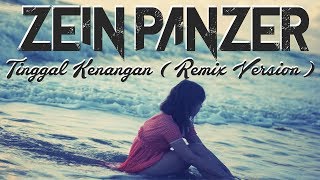 Zein Panzer  Remix Tinggal Kenangan Hip  Hop Ambon  Remix Version [upl. by Shaum669]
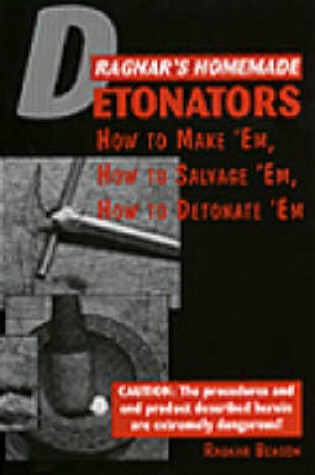 Cover of Ragnar's Homemade Detonators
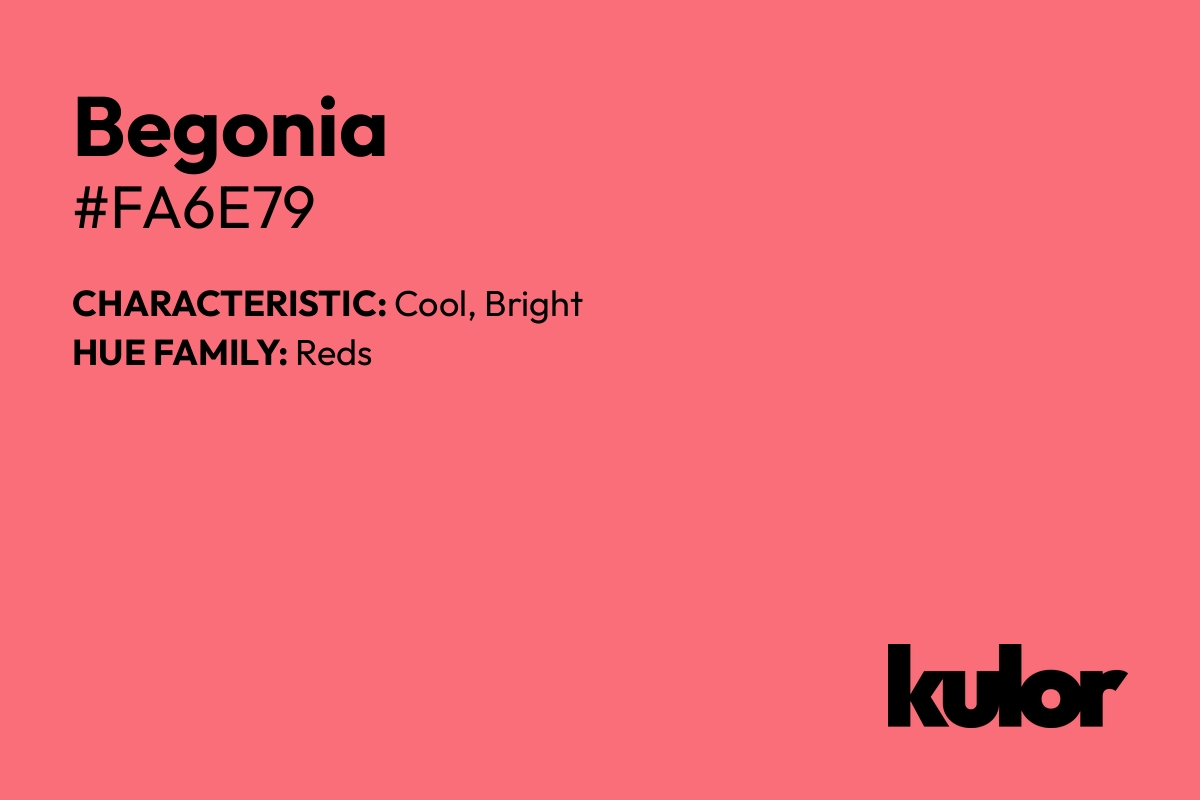 Begonia is a color with a HTML hex code of #fa6e79.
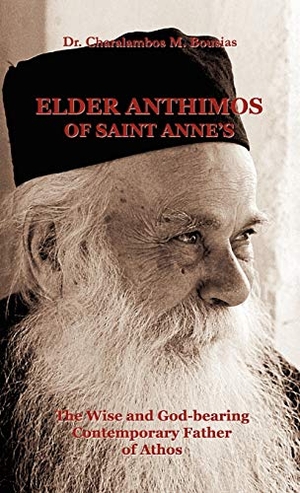Bousias, Charalambos M.. Elder Anthimos Of Saint Anne's - The wise and God-bearing Contemporary Father of Athos. Orthodox Logos Foundation, 2011.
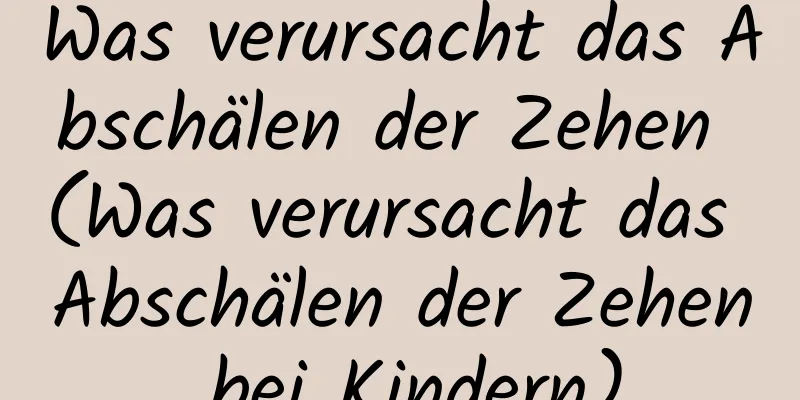Was verursacht das Abschälen der Zehen (Was verursacht das Abschälen der Zehen bei Kindern)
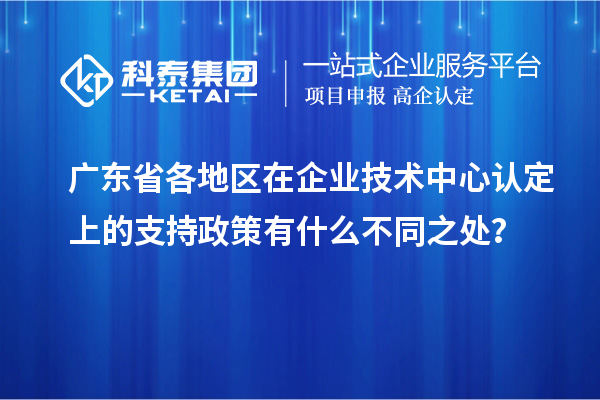 廣東省各地區在企業技術中心認定上的支持政策有什么不同之處？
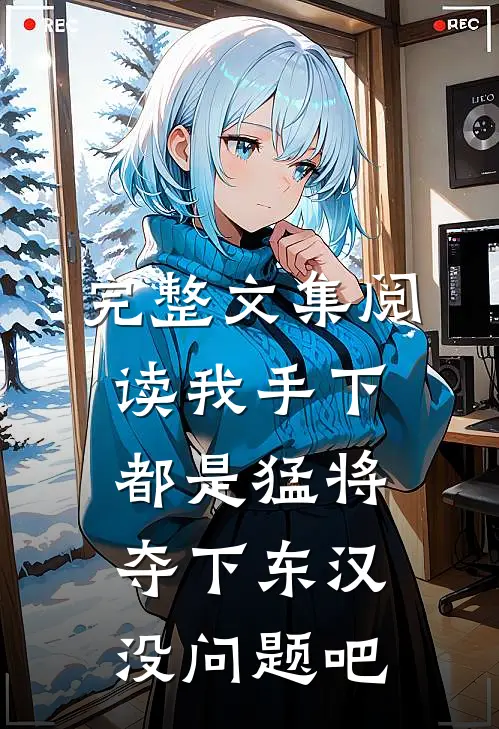 完整文集阅读我手下都是猛将，夺下东汉没问题吧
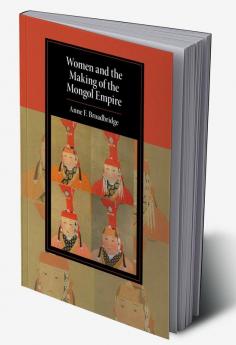 Women and the Making of the Mongol Empire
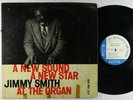 Jimmy Smith - A New Sound/Star Vol. 2 LP - Blue Note Mono DG RVG Ear 47 W 63rd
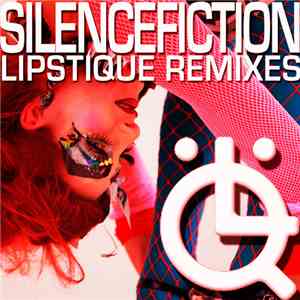 Silencefiction - Lipstique Remixes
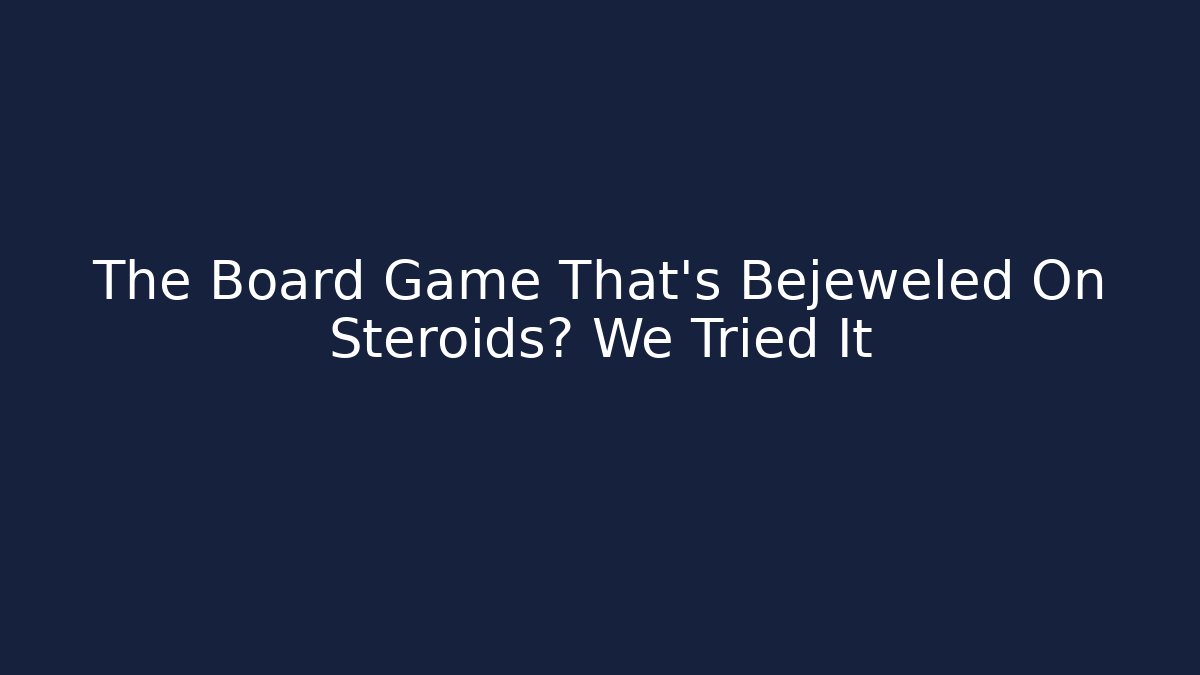 The Board Game That’s Bejeweled On Steroids? We Tried It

^^^^^^^^

ASSIGNED TASK: Output exactly, and only, the lines running from the line containing "Was verursacht das Abschälen der Zehen (Was" to the last line of the entries above, omitting the pictures.

WRITTEN ANSWER:
Was verursacht das Abschälen der Zehen (Was verursacht das Abschälen der Zehen bei Kindern)
 廣東省各地區在企業技術中心認定上的支持政策有什么不同之處？
 完整文集阅读我手下都是猛将，夺下东汉没问题吧
 Women and the Making of the Mongol Empire
 Jimmy Smith - A New Sound/Star Vol. 2 LP - Blue Note Mono DG RVG Ear 47 W 63rd
 Silencefiction - Lipstique Remixes
 The Board Game That’s Bejeweled On Steroids? We Tried It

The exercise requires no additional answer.